Consider that it was not too many years ago that we had negative migration.


The flow of credit together with affordability and confidence will dictate house values going forward. By world standards NZ houses are way overvalued. Immigrants have discovered this alarming fact too. There's just larger pockets of overcrowding and homelessness to look forward to.

I think you are right.. Well off immigrants (the ones we may find useful) may be avoiding us - cheaper to go elsewhere. So we are left with pseudo-students, over-crowded rentals and corrupt businesses employing desperate low paid immigrants - a recipe for exploitation.

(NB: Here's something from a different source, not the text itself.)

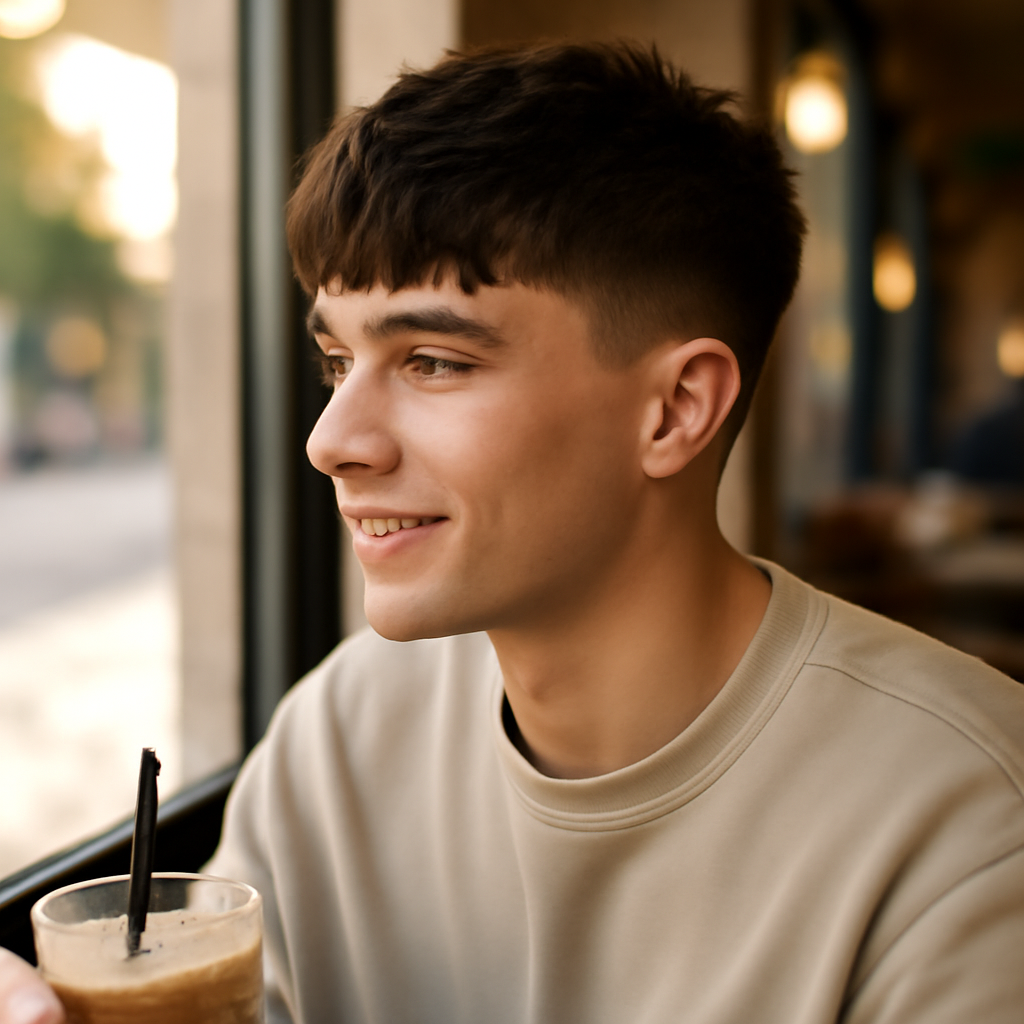 textured fringe haircut - 3/4 Profile View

The IMF certainly think so. IMF finds Auckland second worst city for house price inflation:

really, I expect better on this site! House prices are determined by price of credit and criteria of borrowing, both of which have tightened and WILL tighten more in next 2 years, especially in Australia and USA. It is this prospect that depresses business confidence, NOT government policy. Ask a few medium sized businesses how long it is taking to get paid and you will see what is going on.

Isn't the problem Auckland? The same price of credit and borrowing criteria apply to the whole country and there are wonderful below cost of replacement homes for sale in smaller towns - for example Oamaru. It has to be population related and while all the population for various reasons floods towards Auckland that is where the prices will be high.